#48881 - 07/31/14 07:01 PM
Image extraction from a file?
|
OL Newbie
Registered: 09/22/11
Posts: 16
|
I am working with a company the does statements for a bank. The data that I get is in XML format for the statements, and also includes a file of images. The images are in tiff format, with 44 characters of header information preceding each image in this file. In an ideal world, Planet Press would look at the XML of the statement data, which includes the header information, and extract the image from the file and place it on the page. Seeing as these are check images, and I want it to be multiple on a page, I need the extracted image to print, step right, print, step left and down, print, etc until a page is filled and then go to the next page. Anyway, I guess the most important part is... can PP take this image blob and extract an image out of it? If so, where should I be looking to process it? Thanks!
|
Top
|
|
|
|
#48882 - 08/01/14 11:02 AM
Re: Image extraction from a file?
[Re: Chris S.]
|
OL Expert
Registered: 07/23/08
Posts: 152
Loc: Flint, Michigan
|
So do you have tifs or do you actually have something that is no longer a valid tif because somebody stuck 44 characters of header information inside the file?
Do you have a couple dummy records that you could post somewhere to look at?

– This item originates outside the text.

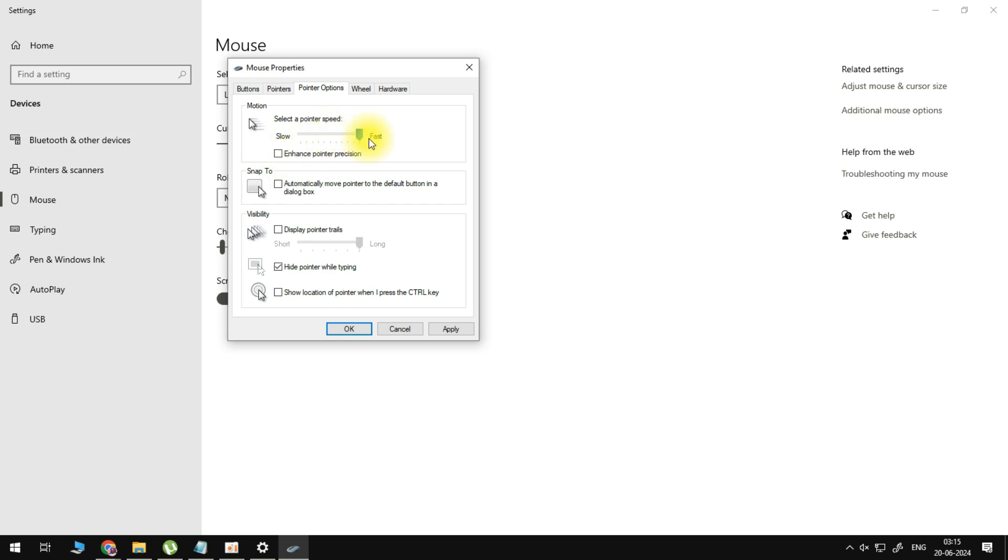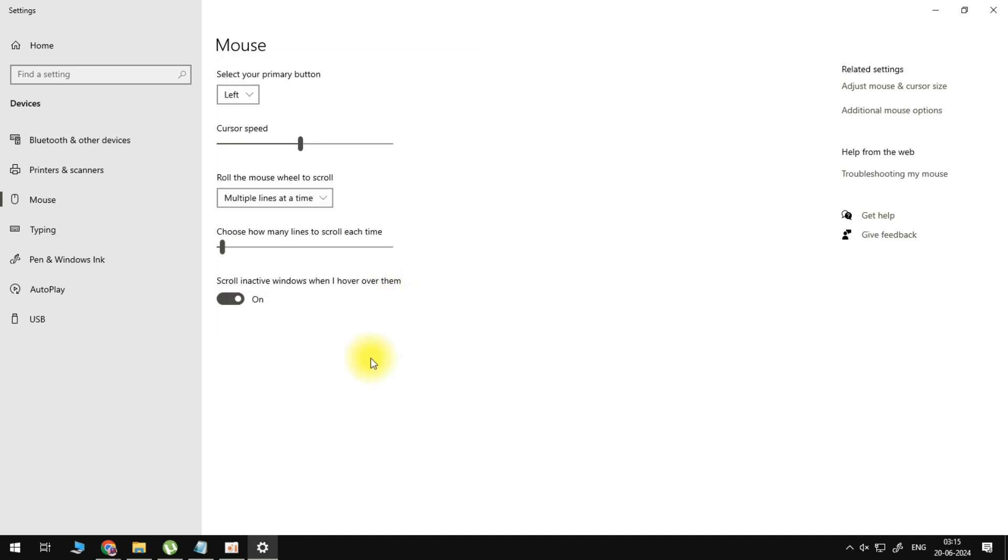Now click on apply, click on OK. If you don't want to use this you can obviously reduce the speed here and that's how you do it.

Repeating the same image multiple times in varying positions is straight forward. It is just a matter of how to get the header and image out of the xml?
|
Top
|
|
|
|
#48888 - 08/01/14 05:58 PM
Re: Image extraction from a file?
[Re: Chris S.]
|
OL Newbie
Registered: 09/22/11
Posts: 16
|
Not sure how well this will copy/paste, but I will trim it for clarity sake.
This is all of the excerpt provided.